Sorry this post is late – I was ill and then spent all of yesterday in London being fancy at the Ritz. It was chaotic, but that’s a story for another time. Today’s post is on interviews. Specifically Oxford interviews as I know admissions is this week, but as I know that probably doesn’t apply to most of you I’m hoping at least some of it will be applicable to interviews in general. I did really want to make this post though because I know when I went through it, my college didn’t really know much and information wasn’t really available. If you’re lucky enough to be at a school which drills you until you can barely put a foot wrong, lucky you; if not, then hopefully I can be of at least some use, even if it just puts you more at ease.
1. Be you. It’s you that they want to see, not Mr High-and-Mighty who is trying to mimic what he thinks an Oxford student is. It’s really obvious. Their going to have to spend the next three years trying to teach you so you want them to like you. Be friendly. Smile. Be comfortable. Their not trying to trick you or confuse or bully you into submission. Tutor’s are just people, and to be honest this period is just as stressful for them as it is for you. You might well be the fifth person they’ve seen that day, and if you come across and friendly and chatty after a bunch of interviews which were akin to drawing blood from a stone, you’ll be the one they remember. Believe me, when they’ve seen you cry and you’ve seen them drunk they’re a lot less scary.

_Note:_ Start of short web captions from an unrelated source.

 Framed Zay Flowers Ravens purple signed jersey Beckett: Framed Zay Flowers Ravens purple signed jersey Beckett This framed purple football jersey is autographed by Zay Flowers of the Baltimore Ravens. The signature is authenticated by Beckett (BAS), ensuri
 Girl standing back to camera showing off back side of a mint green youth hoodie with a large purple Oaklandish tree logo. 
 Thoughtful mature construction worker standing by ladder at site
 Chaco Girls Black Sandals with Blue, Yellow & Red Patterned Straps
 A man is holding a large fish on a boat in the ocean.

2. Dress well. But be comfortable. Despite what you might think you definitely don’t have to wear a suit. Unless you’re one of those people who wears a suit every day, you’re just not going to feel like yourself and that means you’ll probably come across as awkward as well. That doesn’t go to say that you should turn up in joggers and the oldest hoody you own. Whilst I know some people that it’s worked for, most of us just look like we couldn’t be bothered to put in any effort. Try and look presentable if you can; a clean tshirt, a nice skirt, chinos etc etc, but something that you’d actually choose to wear if you were going out somewhere nice with friends. Not something your mother told you would make you look like an excellent candidate.

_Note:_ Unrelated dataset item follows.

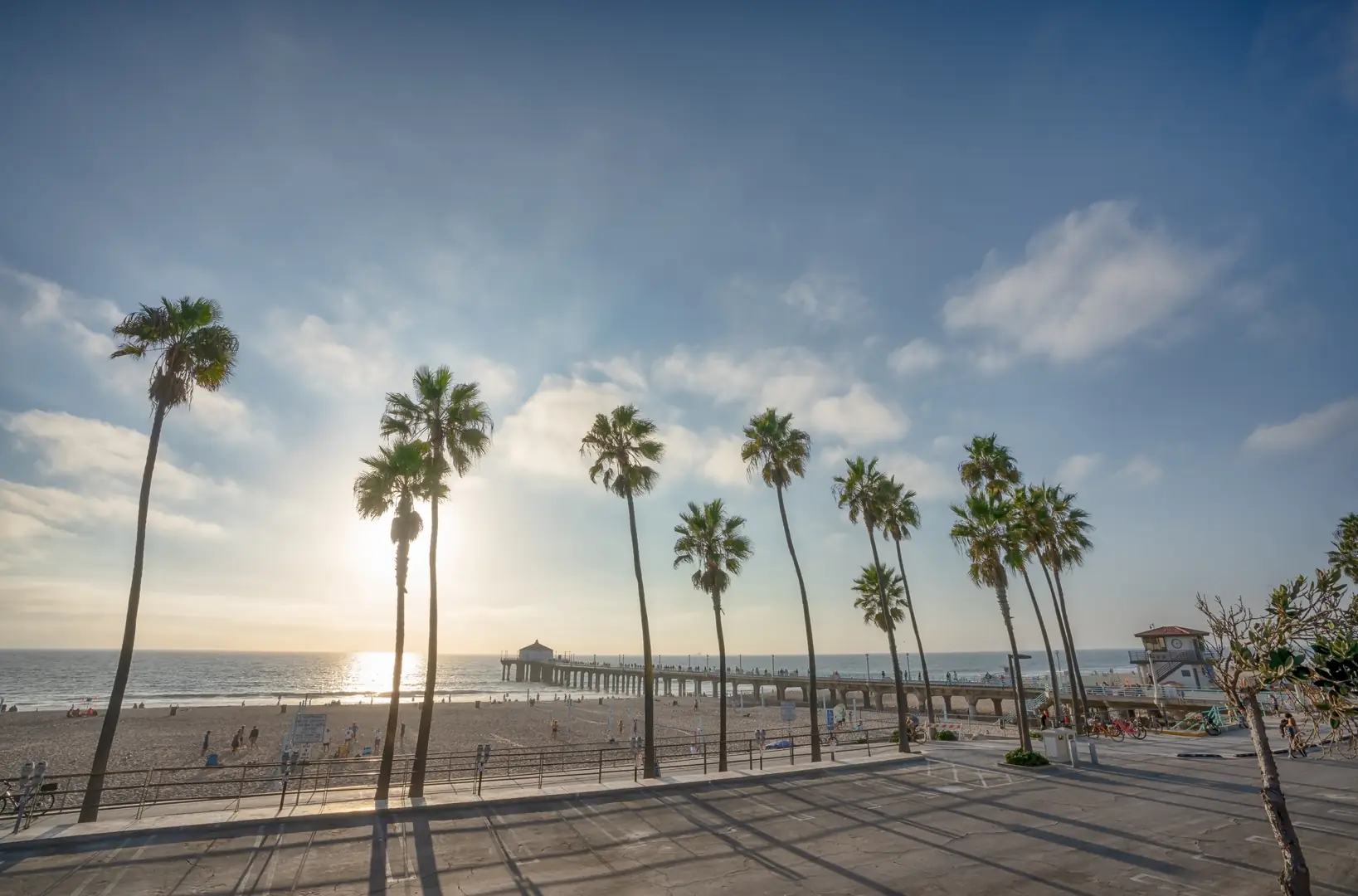 Palm trees and the Manhattan Beach Pier with the sun low over the ocean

3. Don’t be intimidated by the other candidates. When you turn up a bunch of people you meet will show off all of the things they know that you don’t know for no good reason. Because they can. Don’t worry about it. The fact that they know more useless facts than you on one particular topic is irrelevant and doesn’t make them more qualified for a place. When I turned up at least three people started having akin depth discussion about the details of Nebuchadnezzar. I knew nothing about Nebuchadnezzar. Knowledge of Nebuchadnezzar did not help them get a place. I still know nothing about Nebuchadnezzar and I just had to look up the spelling on Wikipedia.
4. It’s okay to be wrong. Similarly to the last one, the tutors don’t care if you don’t know the answer. You haven’t gone through 7+ years of higher education – they can hardly expect you to. It’s a darn sight better to just say you don’t know than to spend five minutes of your interview making something up and ending up looking an even bigger fool. They wan’t to see your thought process, to know if you’ll fit in at Oxford. If you can’t be honest, open and communicative in an interview, then it’s unlikely you’ll be honest, open and communicative in a tutorial – and seeing as thats the primary form of teaching at Oxford, it’s really important that they feel they can work with you. Chill out. Show them what you do know, don’t lie about what you don’t. It’ll be fine.

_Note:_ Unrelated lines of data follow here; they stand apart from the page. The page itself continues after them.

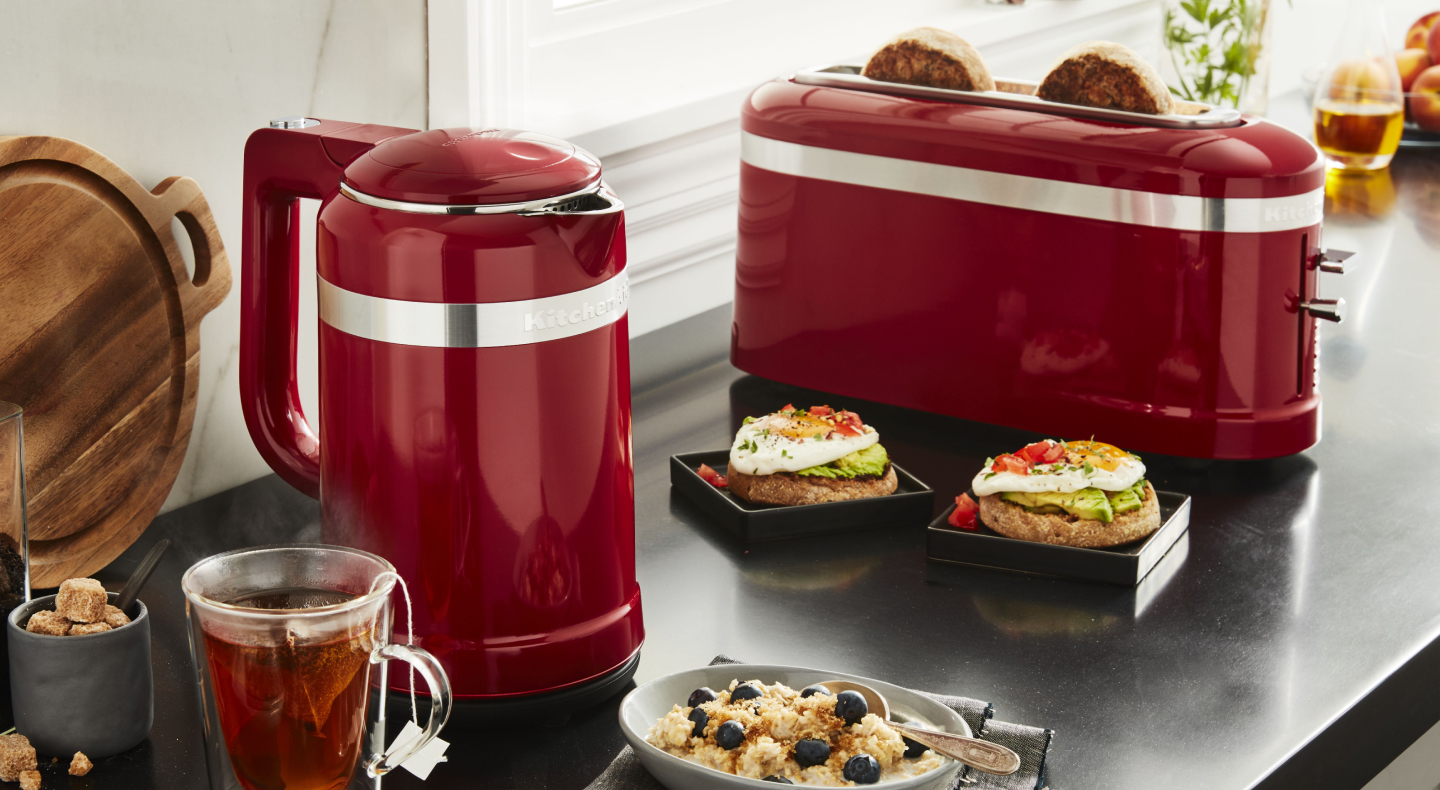 Slices of bread in a red KitchenAid® toaster next to open-faced sandwiches and cups of tea on a modern kitchen counter. Slices of bread in a red KitchenAid® toaster next to open-faced sandwiches and cups of tea on a modern kitchen counter.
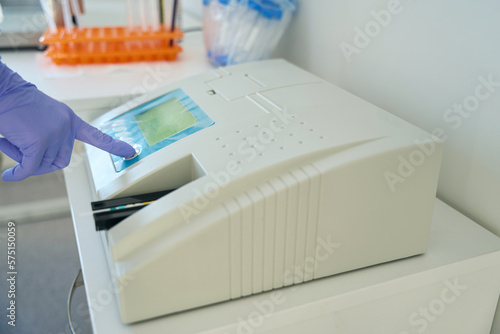 Laboratory assistant in testing unit presses button of urine analyzer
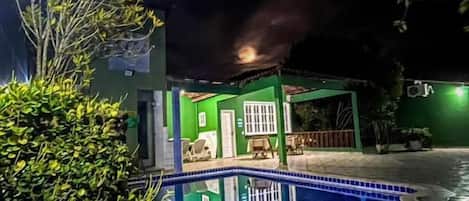 Une vue nocturne d’une maison avec une piscine, entourée de verdure et de carreaux de pierre.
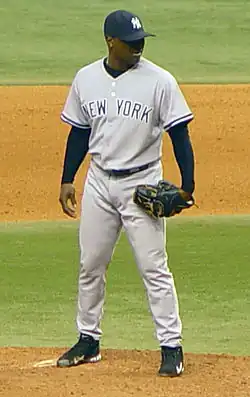 A dark-skinned man in a gray baseball uniform with "New York" across the chest in navy-blue letters and a navy-blue baseball cap standing on a dirt mound on a grass field and wearing a black baseball glove on his left hand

5. Know your personal statement. And what you wrote in whatever sample work you handed in. There is a high chance they will ask you on it, and, contrary to the last point, here you look a lot more genuine if you can expand on what you’ve written, rather than having to quickly think of a way to talk about that thing that you near-enough made up… They have a lot of people to see, and they don’t know very much about anyone, so that statement is all they have to work with. In my personal statement I wrote that I admired strong women such as Ariadne and Medea, which they completely pulled me up on in my interview. Now if you don’t know the story of Medea, she murders both of her children in a jealous rage, in order to get back at her husband for marrying another wife. So I basically had to justify why I had said I admired a crazy person. If you can’t talk about something you’ve written they’ll wonder why you bothered putting it in in the first place. Be prepared.
6. Enjoy it. Regardless of whether you actually get a place or not, most people will only go through the experience once. And it’s a really unique experience. Enjoy being in Oxford – at my college at least there’s a bunch of stuff put on by the students in the evenings to entertain you, so go. make new friends even if you never see them again. Visit the museums, the parks, the other colleges. Don’t spend the entire time stressing over one interview that didn’t go exactly as you planned. You literally cannot know how well you’ve done, or how well anyone else did. Relax and have fun with it!
So that was a bit of a different post to usual but it was something that I really wanted to write. It felt a lot more serious than I thought it was going to be, so sorry if it intimidated anyone! Honestly, interviews are nothing to worry about, and the more you can relax and enjoy the process the easier you’ll find it.
P.S: I really just want to get this up as its so so late already, so I’m going to come back and add pictures later when I actually have time.